*WHAT IS EXPECTED*:
Retype every line from the one containing "Endodoncia vs extracción, pros y contras" through the last line of the records below, both included; leave out the pictures.
<<<<
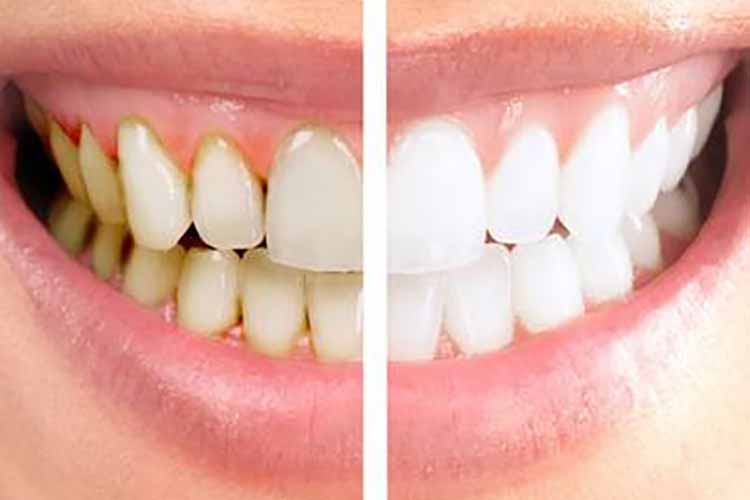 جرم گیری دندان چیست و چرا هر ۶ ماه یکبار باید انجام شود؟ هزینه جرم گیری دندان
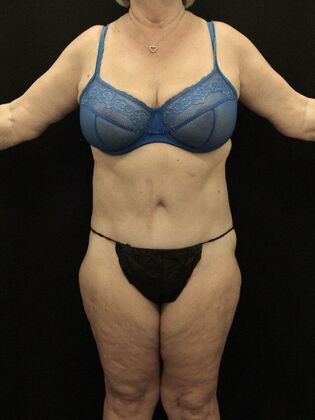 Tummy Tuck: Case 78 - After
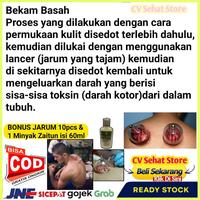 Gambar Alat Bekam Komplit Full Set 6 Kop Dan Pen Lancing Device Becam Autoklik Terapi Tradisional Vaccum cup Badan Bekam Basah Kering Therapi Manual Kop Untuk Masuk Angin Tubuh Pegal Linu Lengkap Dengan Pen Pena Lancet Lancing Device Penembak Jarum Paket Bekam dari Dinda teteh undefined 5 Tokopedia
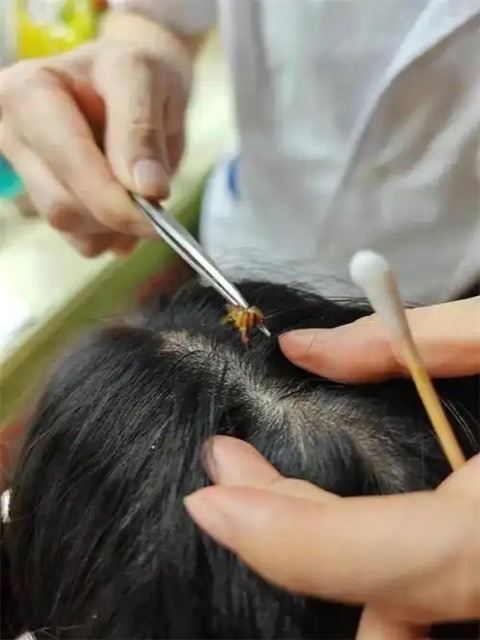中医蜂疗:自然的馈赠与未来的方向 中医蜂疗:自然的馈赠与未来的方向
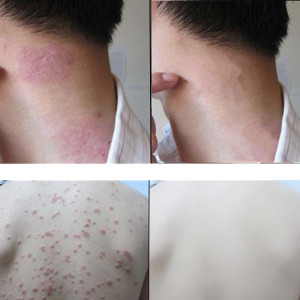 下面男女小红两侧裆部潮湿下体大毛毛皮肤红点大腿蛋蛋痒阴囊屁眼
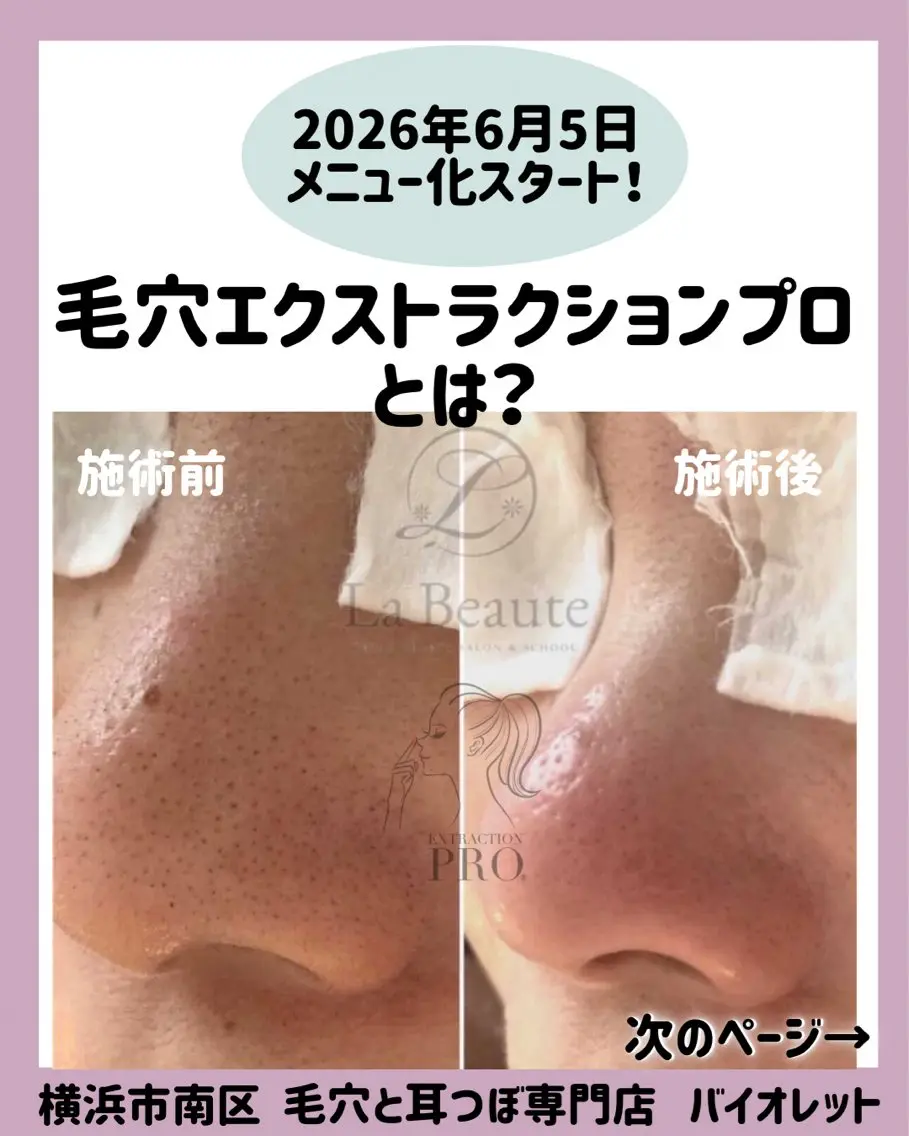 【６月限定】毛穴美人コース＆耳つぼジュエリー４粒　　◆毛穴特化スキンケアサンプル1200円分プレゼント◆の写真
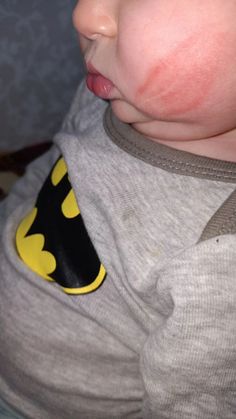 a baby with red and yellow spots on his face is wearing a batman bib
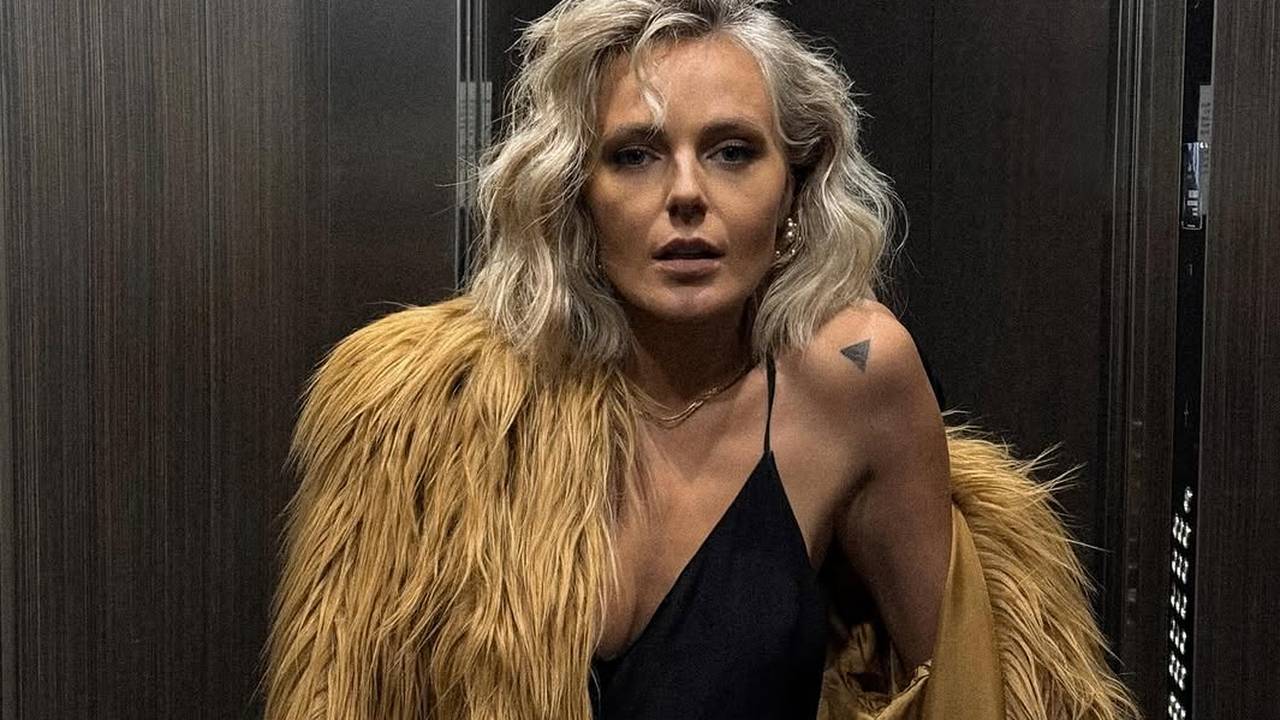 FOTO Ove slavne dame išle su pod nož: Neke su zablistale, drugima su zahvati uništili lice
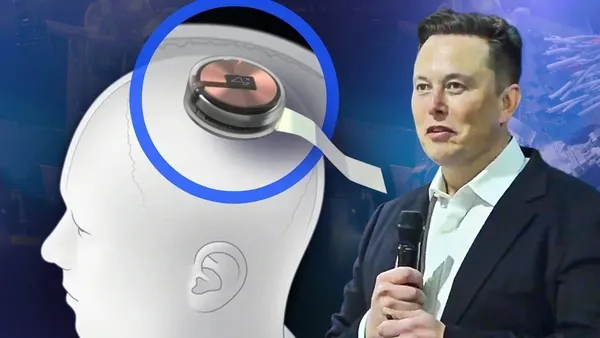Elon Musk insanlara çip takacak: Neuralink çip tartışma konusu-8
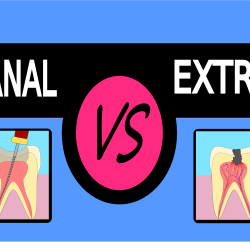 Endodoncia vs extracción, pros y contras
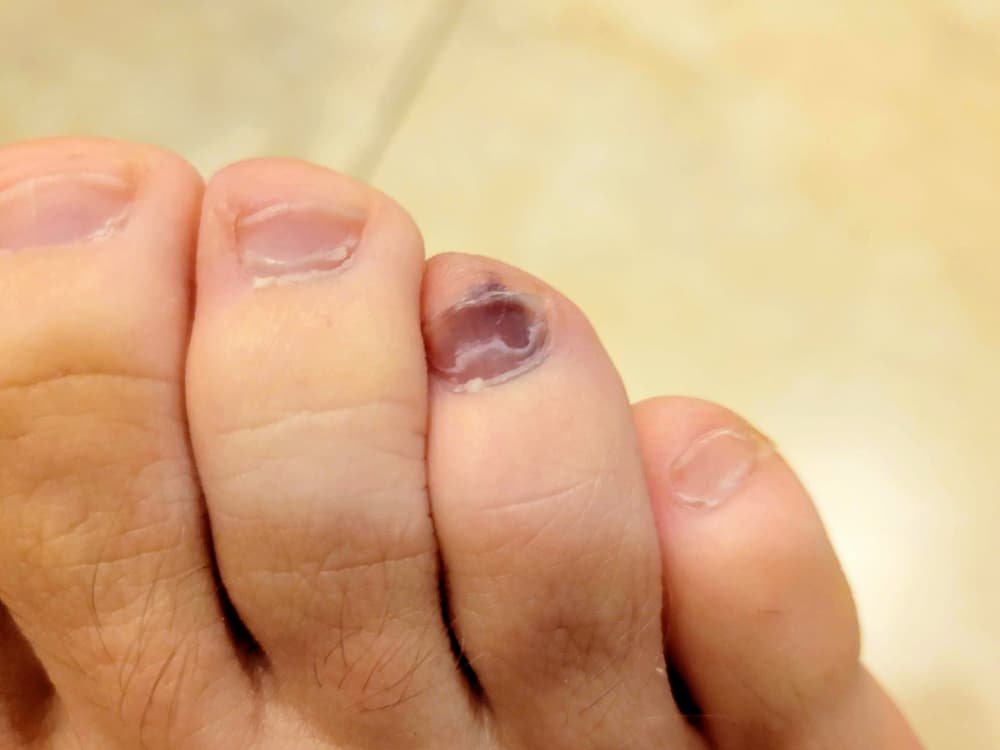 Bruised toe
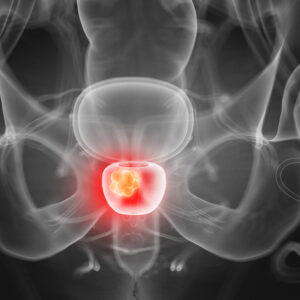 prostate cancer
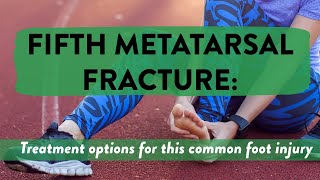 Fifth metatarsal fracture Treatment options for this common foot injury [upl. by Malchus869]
>>>>
*TASK OUTPUT*:
 Endodoncia vs extracción, pros y contras
 Bruised toe
 prostate cancer
 Fifth metatarsal fracture Treatment options for this common foot injury [upl. by Malchus869]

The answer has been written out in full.